Suppose there are given two real symmetric matrices $\pmb A$ and $\pmb B$. I want to find a permutation matrix $\pmb P$ such that
$\mathrm{Tr}(\pmb P^T\pmb A\pmb P\pmb B) \to \max$
My current status is the following:
$\pmb A = \pmb U\pmb D_a\pmb U^T$ and $\pmb B = \pmb V\pmb D_b\pmb V^T$, where $\pmb U$ and $\pmb V$ are orthogonal matrices. $\pmb D_a$ and $\pmb D_b$ are diagonal and contain the eigenvalues of $\pmb A$ and $\pmb B$ in ascending order.
Therefore I can reformulate the problem as
$\mathrm{Tr}(\pmb X^T \pmb D_a \pmb X \pmb D_b)\quad$ with $\quad \pmb X = \pmb U^T \pmb P \pmb V$.

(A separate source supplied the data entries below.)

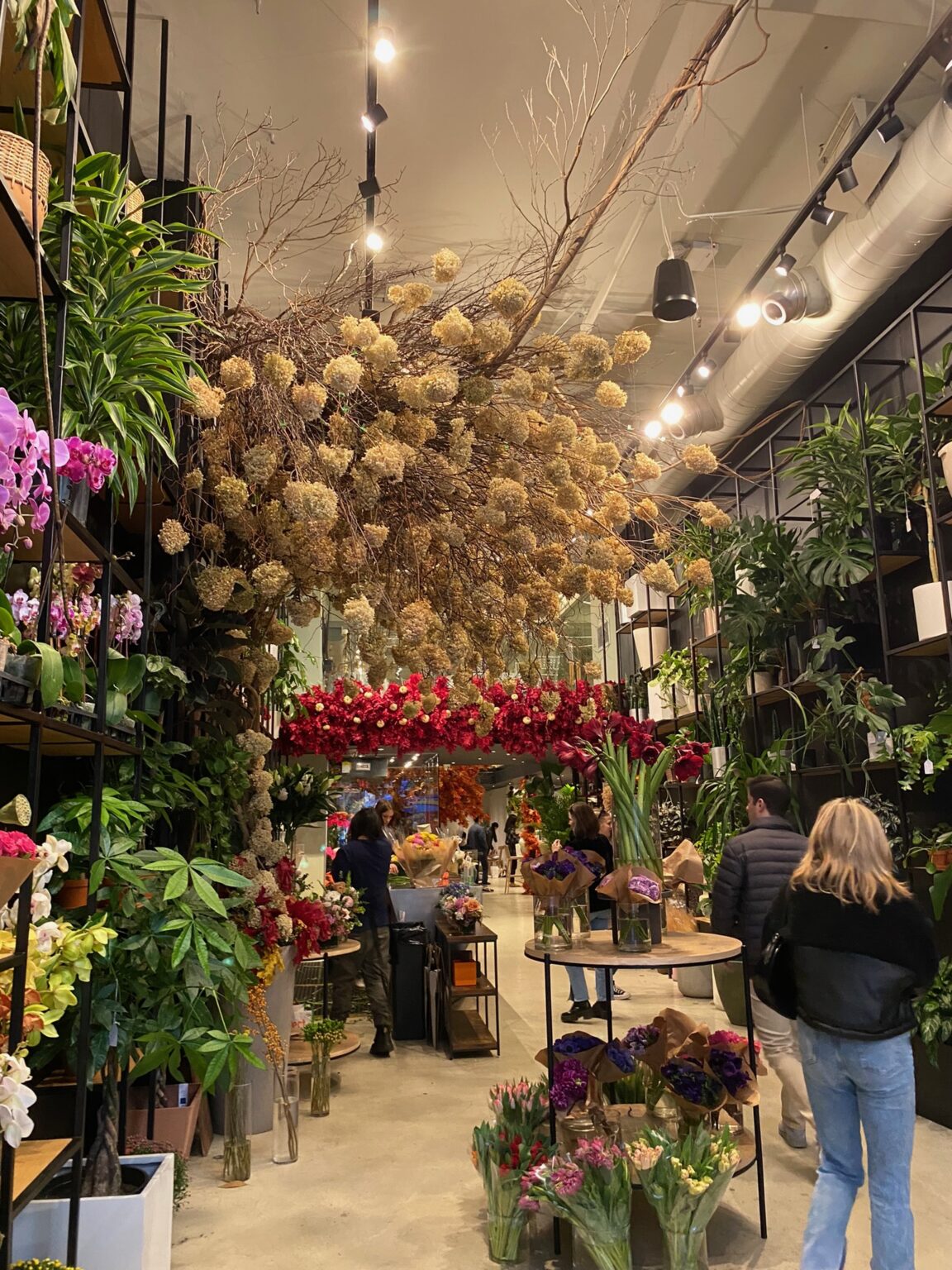 【NYお勧めカフェ】花に囲まれた魅力的なカフェ★ アリストン・フラワーズ & カフェ Ariston Flowers & Café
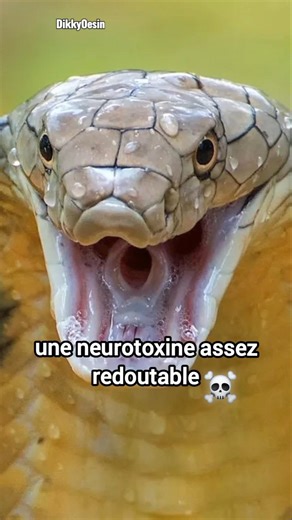 The Largest Venomous Snake on the Planet | Cobra Royal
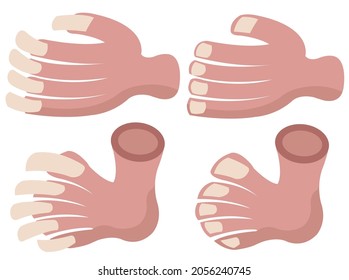 hand and toe nails when long or short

Since $\pmb U^T$, $\pmb P$ and $\pmb V$ are orthogonal, I know that also $\pmb X$ is.
From this post I know that in case of arbitrary orthogonal $\pmb X$ the optimal solution is $\pmb X = \pmb I$.
However, here $\pmb X$ can only be influenced through $\pmb P$.
My intuition is that $\pmb P$ should be selected to make $\pmb X$ "close" to the identity matrix, i.e.,
$\pmb X = \pmb I + \pmb N \quad$ with $\quad ||\pmb N|| \to \min\quad$ in terms of some matrix norm.
Is there any way to formally prove this?